The narratives in this show—which features photos by Joan Roth and multi-media art commissioned from Jewish women artists from across the country—come from oral histories of women whose lives spanned the twentieth century. Women in many communities have been written out of the official historical records. This exhibition, Weaving Women’s Words, created by the Boston-based Jewish Women’s Archive, seeks to right this. In the exhibition and its accompanying catalogue, women speak out about their roles in Jewish education, politics, reproductive rights, commerce, philanthropy, violence prevention, race relations, and more. Some of the women here—like Shoshana Shoubin Cardin, the first woman to lead many national Jewish organizations, and Maryland State Senator Rosalie Silber Abrams—are well known. Others arc women whose experiences, now preserved, will bring their lives into the light.

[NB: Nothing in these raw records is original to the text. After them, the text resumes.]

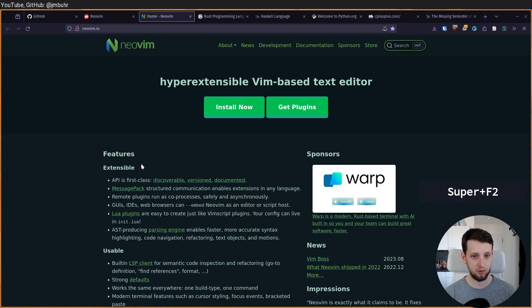Before making a video for actually getting started with NeoVim as a beginner, downloading a terminal, getting ready there, downloading NeoVim, getting used to Vim versions, all that kind of stuff, I wanted to answer the simple question: if you are a beginner, should you choose NeoVim as your first code editor?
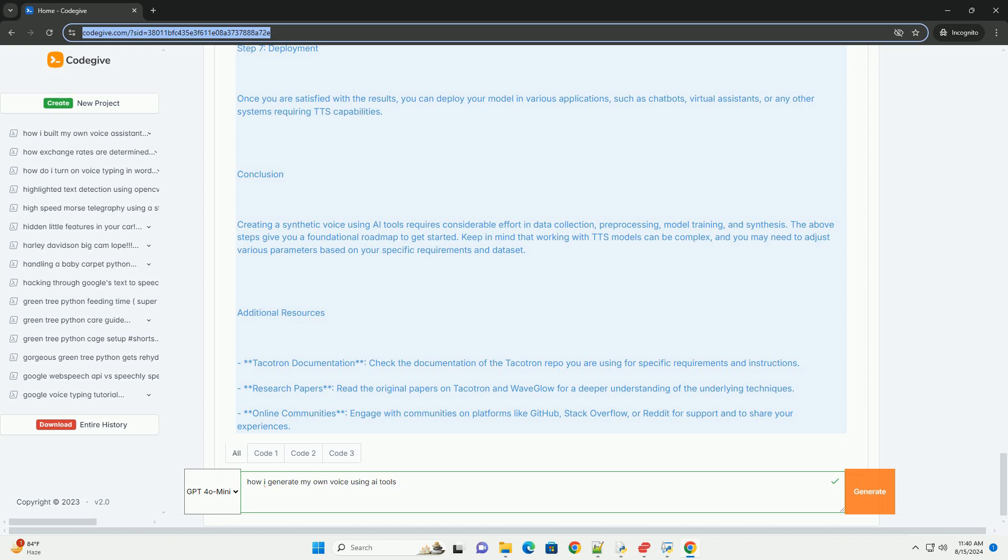Additional Resources. Tacotron Documentation - Check the documentation of the Tacotron repo you are using for specific requirements and instructions. Research Papers - Read the original papers on Tacotron and WaveGlow for a deeper understanding of the underlying techniques.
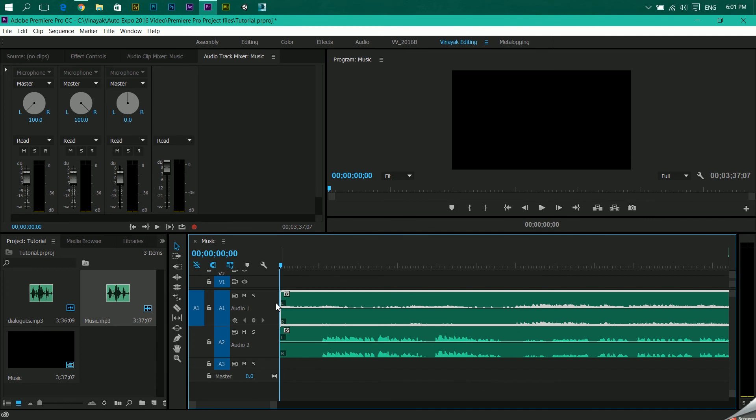Panning of audio theoretically means that you define which audio should go into which speaker. Over here we decided that our dialogues will go into the right ear and our music will go into the left ear.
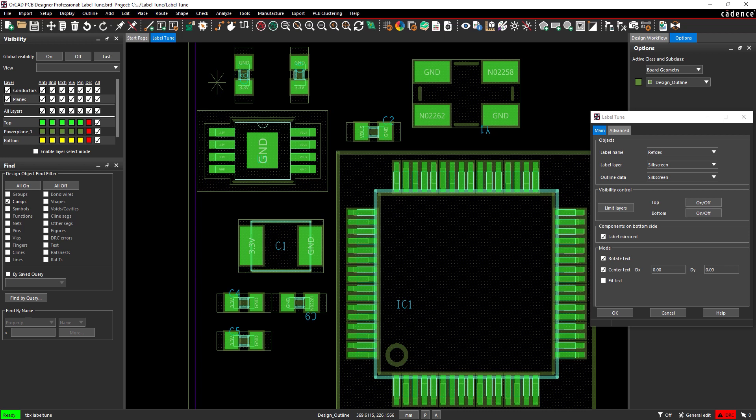To fix this, we need to adjust the text offset. In the DY field, under Center Text, enter 1.7. This will move the text 1.7 mm above center in the Y direction. Select C1 again to apply the change.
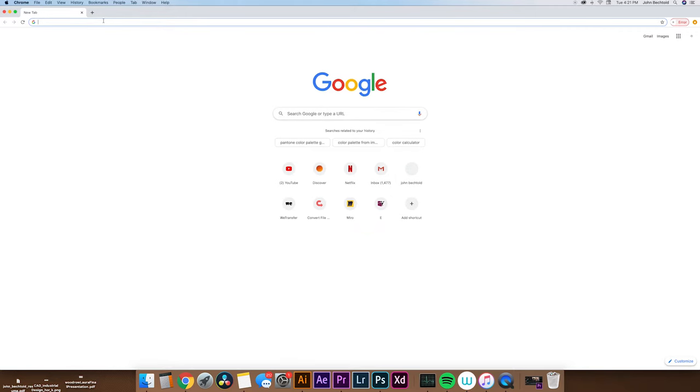All right, so the first thing that we're going to do, and one of the most important things, is picking a good color palette. One of my favorite tools in selecting and generating color palettes and rapidly iterating on them is called Coolers. Coolers.co is the website.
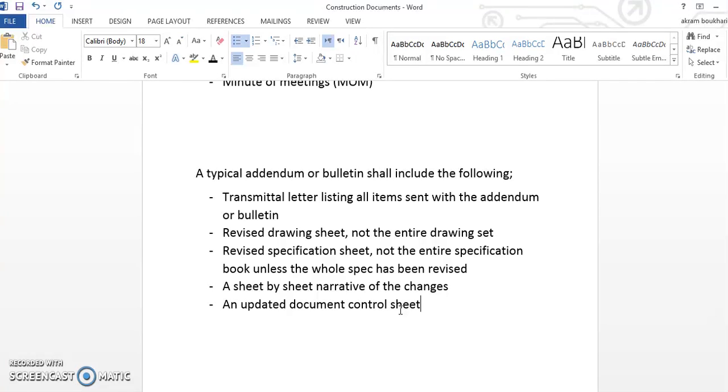This is about it regarding addendum and bulletin. I hope I gave you some information to know what is the difference between the two. If you like this video, please subscribe and press like. Thank you very much, bye bye.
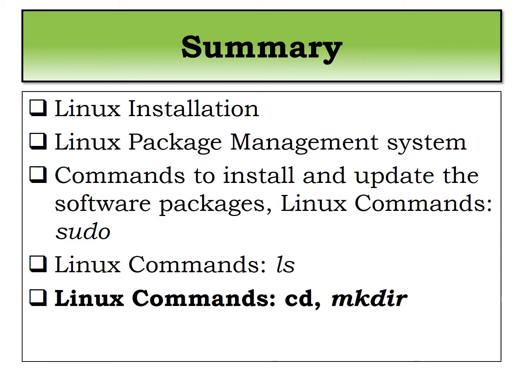And we have seen the two commands which comes under sudo. sudo is basically command which is used to update your software.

Brenda Brown Rever, who chaired the exhibition and whose foundation funded it, says she was “inspired by the lives of extraordinary and ordinary women who combat the stereotypes of Jewish women. We ignore this age group all too often. I loved the idea of saving these stories. There were so many bonuses to doing this. Everyday women can teach you things about living your own life, especially about resilience.” Among the life lessons Rever highlights: “Always have much older and much younger friends; it keeps you grounded.” And: “Family closeness is not by accident; it is often by design.”